→ What to work on
In this exercise, the entries below include pictures. Repeat exactly the lines from the line with "본문 이미지 - 10.30포항남ㆍ울릉" to the line with "DIAP-RETROSPETTIVA DAN PETRESCU", including both, but without the pictures.

→ Source material
- - -
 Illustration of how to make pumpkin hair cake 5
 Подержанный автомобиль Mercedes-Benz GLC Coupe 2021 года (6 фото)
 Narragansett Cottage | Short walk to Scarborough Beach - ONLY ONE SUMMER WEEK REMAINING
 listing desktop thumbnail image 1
- - -
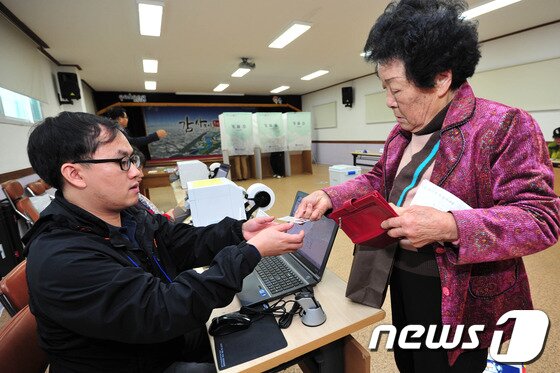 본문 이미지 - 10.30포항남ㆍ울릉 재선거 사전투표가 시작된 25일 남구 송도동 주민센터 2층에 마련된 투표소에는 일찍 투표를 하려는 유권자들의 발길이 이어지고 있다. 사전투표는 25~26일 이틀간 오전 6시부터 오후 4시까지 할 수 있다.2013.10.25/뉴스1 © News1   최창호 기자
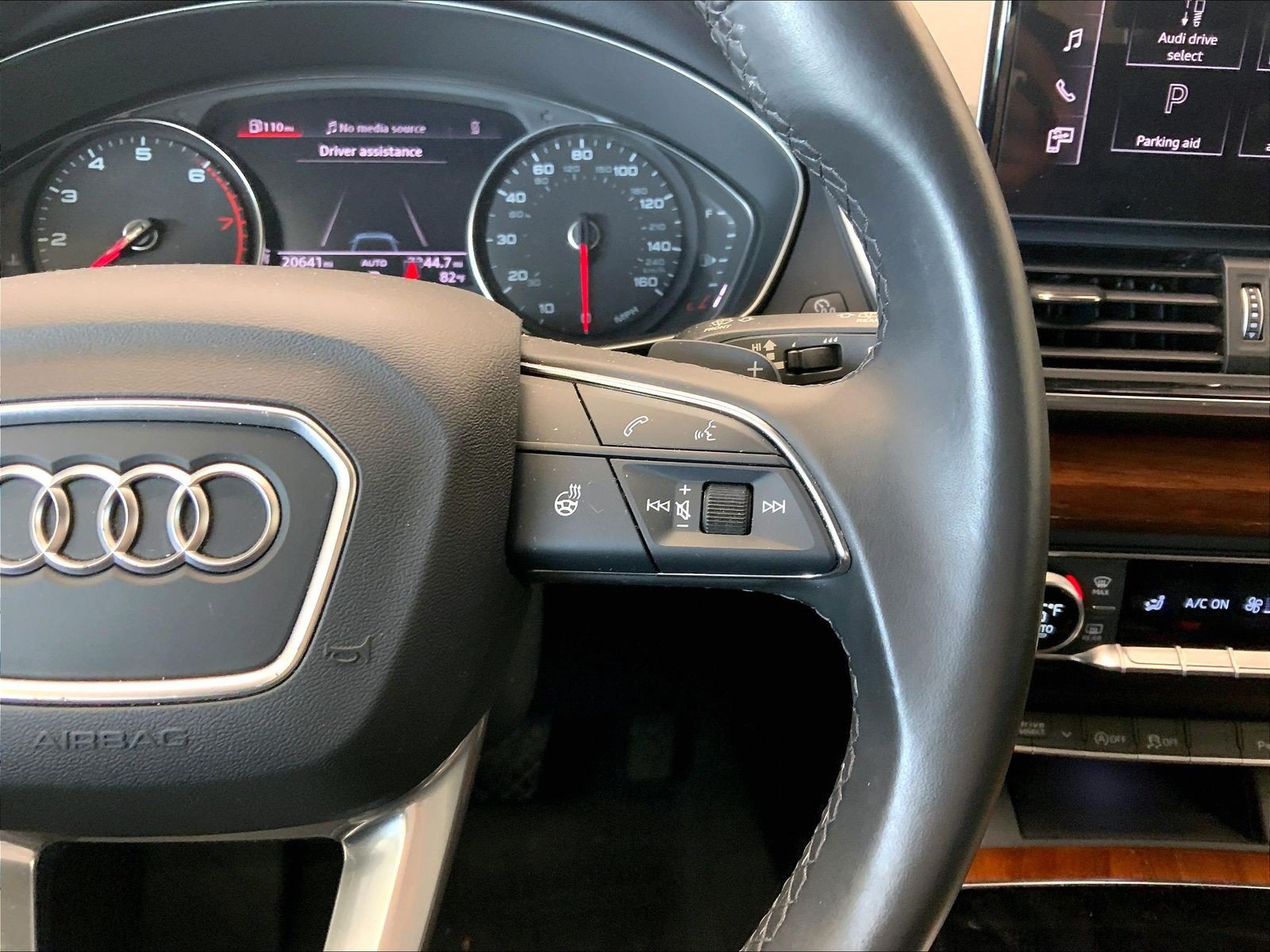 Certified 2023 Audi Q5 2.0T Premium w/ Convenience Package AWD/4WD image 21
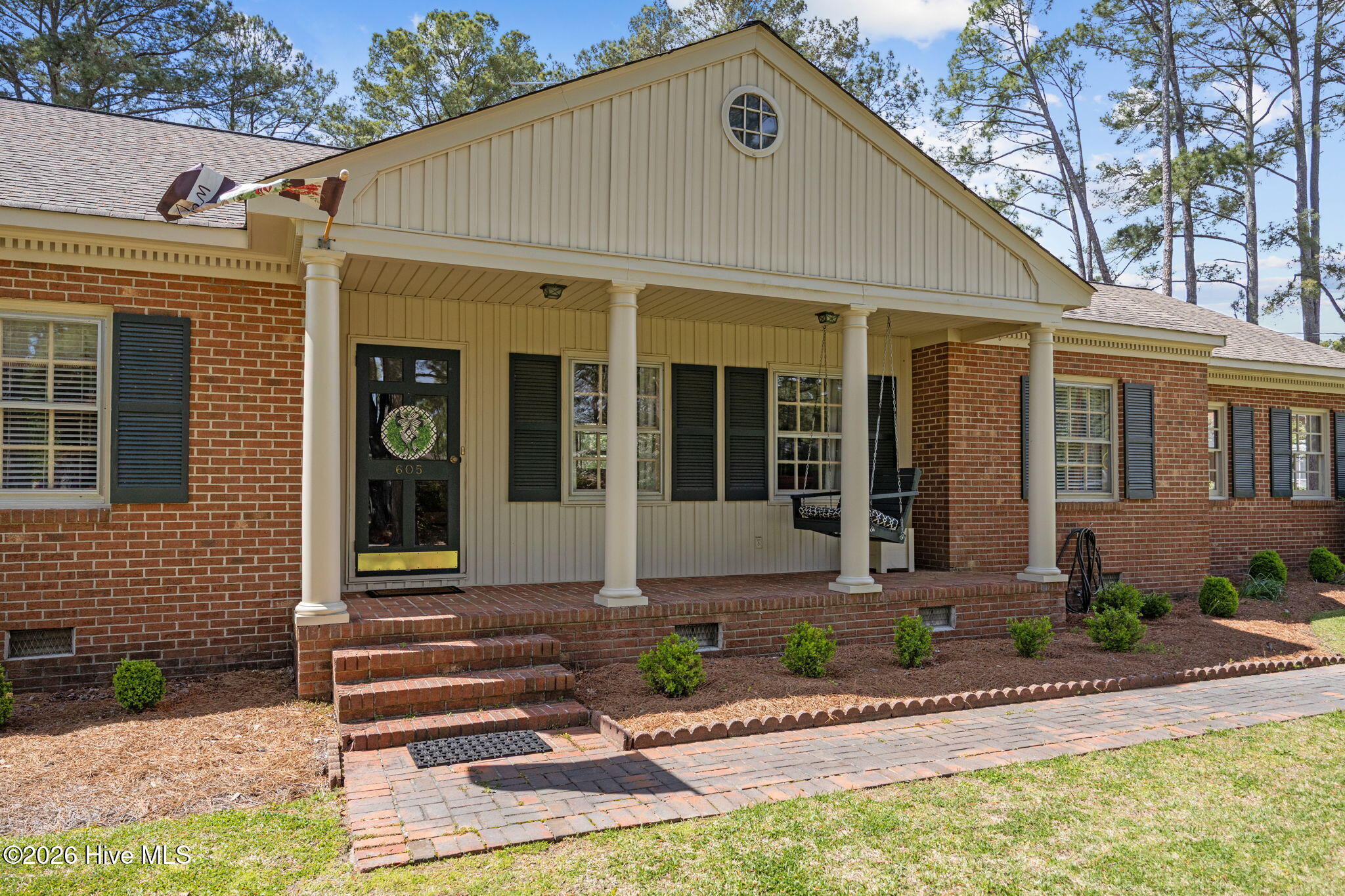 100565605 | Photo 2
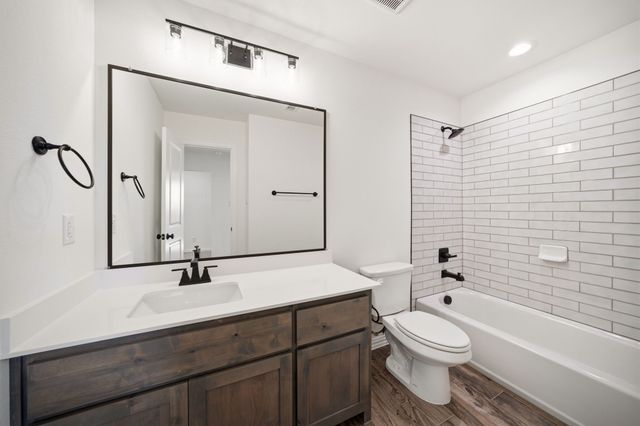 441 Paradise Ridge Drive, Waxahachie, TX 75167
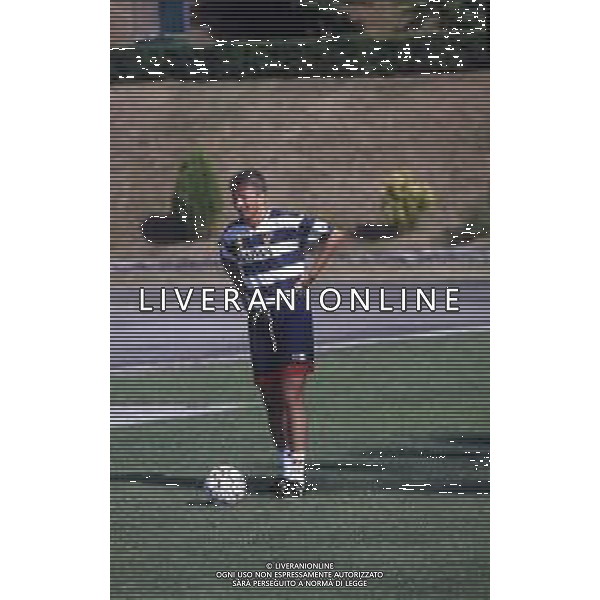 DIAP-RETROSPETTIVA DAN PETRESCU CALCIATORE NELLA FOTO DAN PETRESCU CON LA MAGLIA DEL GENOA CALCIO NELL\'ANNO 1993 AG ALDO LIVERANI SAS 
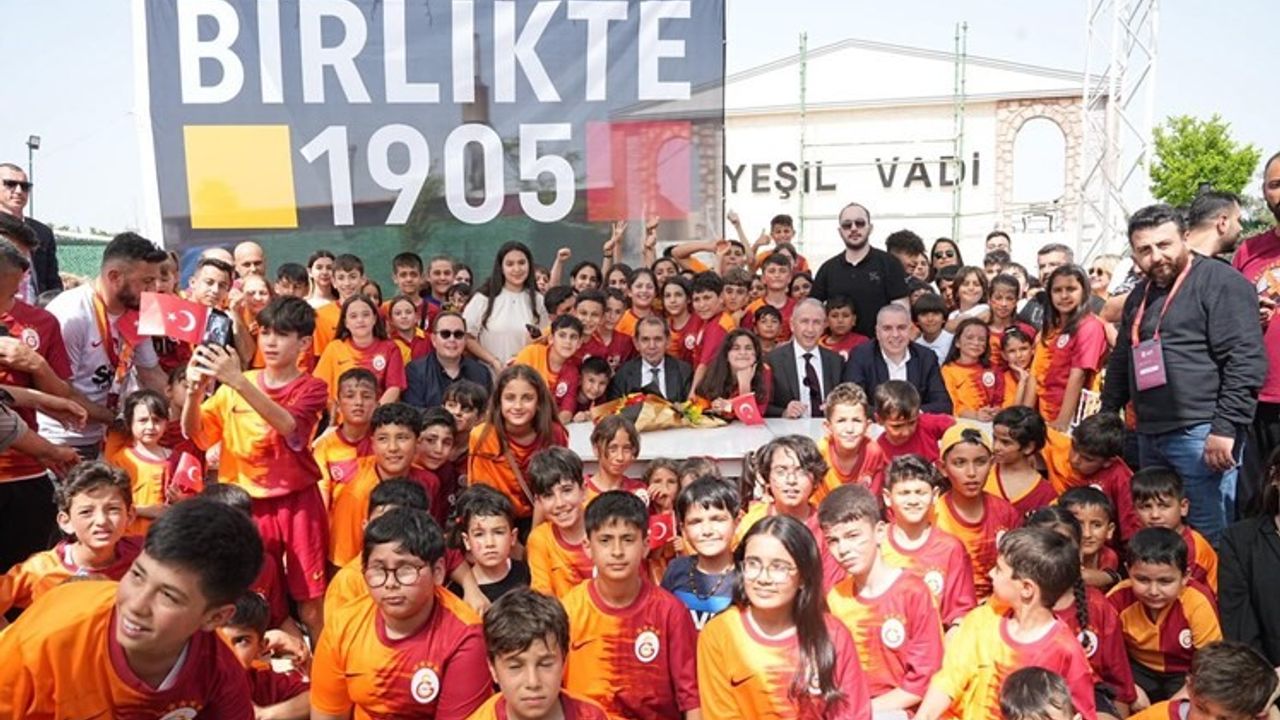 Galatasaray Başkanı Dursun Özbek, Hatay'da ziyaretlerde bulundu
- - -
→ Problem solution
 본문 이미지 - 10.30포항남ㆍ울릉 재선거 사전투표가 시작된 25일 남구 송도동 주민센터 2층에 마련된 투표소에는 일찍 투표를 하려는 유권자들의 발길이 이어지고 있다. 사전투표는 25~26일 이틀간 오전 6시부터 오후 4시까지 할 수 있다.2013.10.25/뉴스1 © News1   최창호 기자
 Certified 2023 Audi Q5 2.0T Premium w/ Convenience Package AWD/4WD image 21
 100565605 | Photo 2
 441 Paradise Ridge Drive, Waxahachie, TX 75167
 DIAP-RETROSPETTIVA DAN PETRESCU CALCIATORE NELLA FOTO DAN PETRESCU CON LA MAGLIA DEL GENOA CALCIO NELL\'ANNO 1993 AG ALDO LIVERANI SAS 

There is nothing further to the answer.